Material shown:
[Start of Attachment]

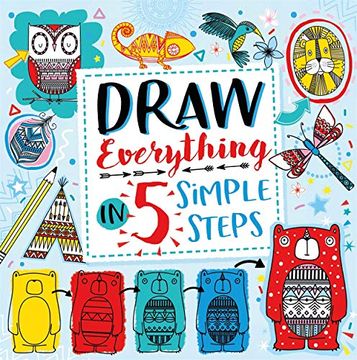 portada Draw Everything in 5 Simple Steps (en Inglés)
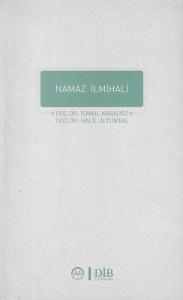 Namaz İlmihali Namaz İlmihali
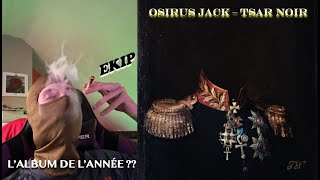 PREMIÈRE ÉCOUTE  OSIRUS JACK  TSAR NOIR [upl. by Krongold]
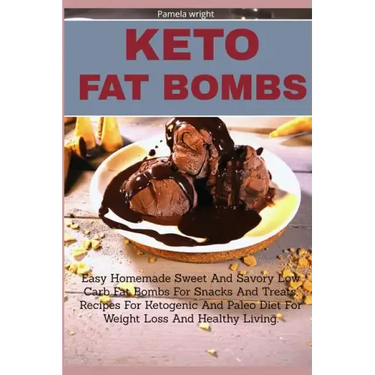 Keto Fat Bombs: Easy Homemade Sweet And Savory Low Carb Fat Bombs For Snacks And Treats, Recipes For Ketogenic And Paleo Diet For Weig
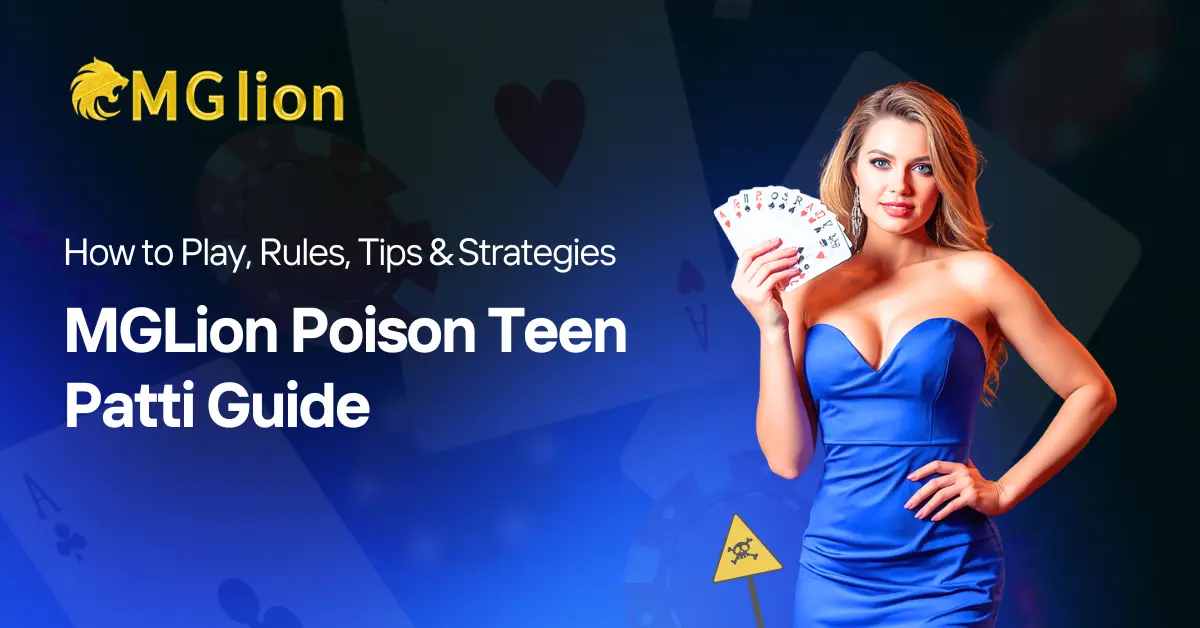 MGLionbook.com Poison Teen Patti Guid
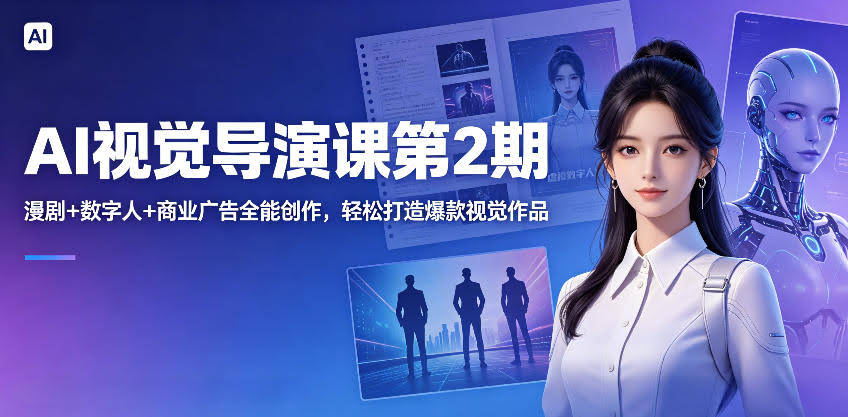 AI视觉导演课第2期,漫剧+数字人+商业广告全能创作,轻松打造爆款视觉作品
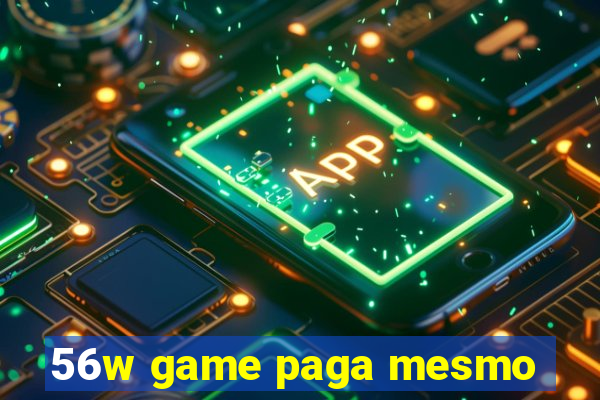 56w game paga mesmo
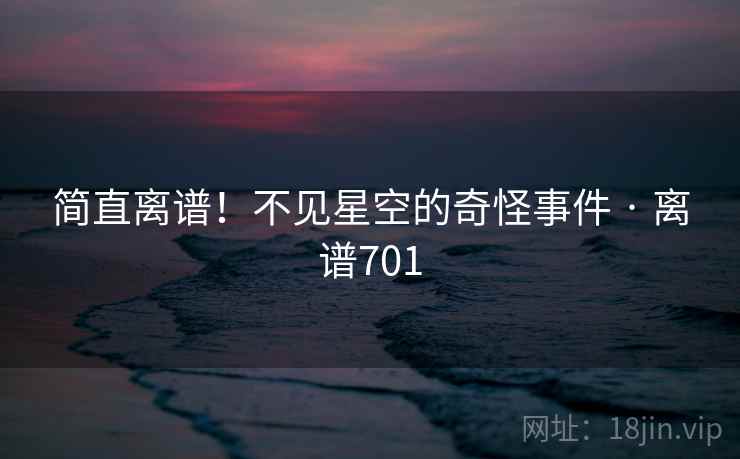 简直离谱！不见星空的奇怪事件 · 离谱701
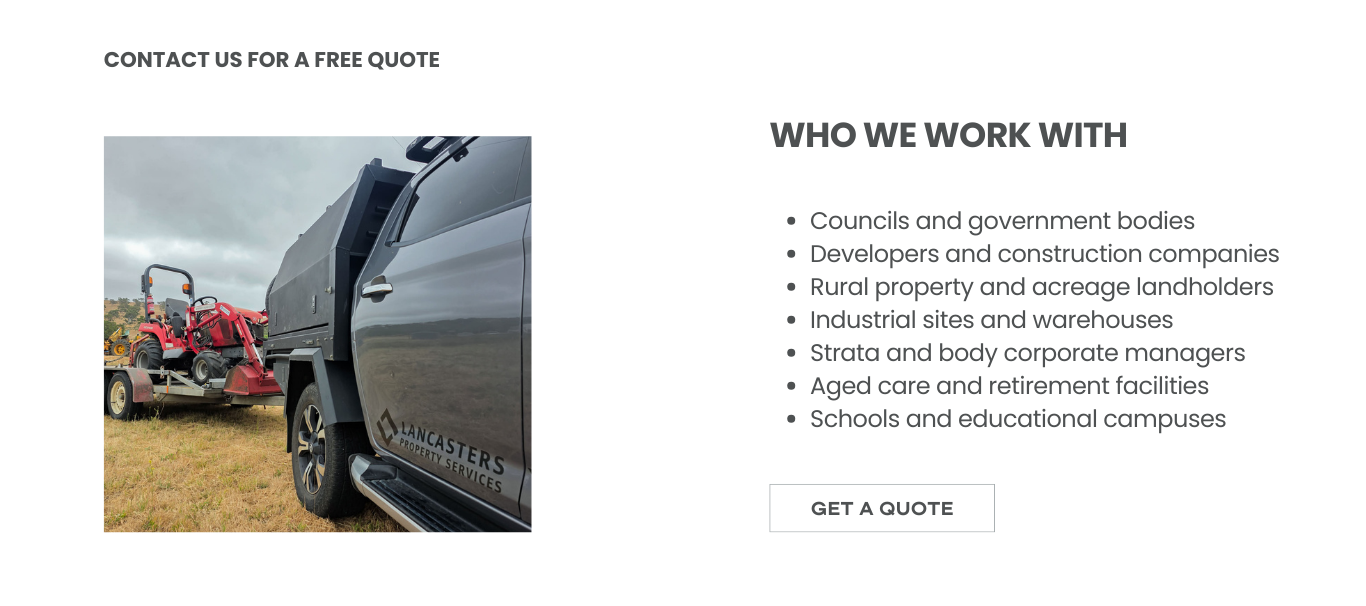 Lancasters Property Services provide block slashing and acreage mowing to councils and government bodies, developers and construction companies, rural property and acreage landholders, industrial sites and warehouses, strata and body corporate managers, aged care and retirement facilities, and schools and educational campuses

[End of Attachment]
[Start of Attachment]

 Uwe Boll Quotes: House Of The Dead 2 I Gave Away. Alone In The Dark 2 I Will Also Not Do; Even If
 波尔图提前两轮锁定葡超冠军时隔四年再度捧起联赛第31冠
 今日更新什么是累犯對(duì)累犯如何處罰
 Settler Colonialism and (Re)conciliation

[End of Attachment]
[Start of Attachment]

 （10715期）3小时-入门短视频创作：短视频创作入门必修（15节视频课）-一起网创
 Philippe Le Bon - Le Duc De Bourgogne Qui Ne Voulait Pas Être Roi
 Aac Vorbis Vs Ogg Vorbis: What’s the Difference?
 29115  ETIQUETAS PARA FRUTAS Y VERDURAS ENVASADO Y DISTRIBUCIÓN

[End of Attachment]

Your assignment: Starting at the line with "Namaz İlmihali Namaz İlmihali" and finishing at the line with "Lancasters Property Services", copy the material above exactly, both lines included. Nothing else goes in, and no pictures.

Reply to the exercise:
 Namaz İlmihali Namaz İlmihali
 PREMIÈRE ÉCOUTE  OSIRUS JACK  TSAR NOIR [upl. by Krongold]
 Keto Fat Bombs: Easy Homemade Sweet And Savory Low Carb Fat Bombs For Snacks And Treats, Recipes For Ketogenic And Paleo Diet For Weig
 MGLionbook.com Poison Teen Patti Guid
 AI视觉导演课第2期,漫剧+数字人+商业广告全能创作,轻松打造爆款视觉作品
 56w game paga mesmo
 简直离谱！不见星空的奇怪事件 · 离谱701
 Lancasters Property Services provide block slashing and acreage mowing to councils and government bodies, developers and construction companies, rural property and acreage landholders, industrial sites and warehouses, strata and body corporate managers, aged care and retirement facilities, and schools and educational campuses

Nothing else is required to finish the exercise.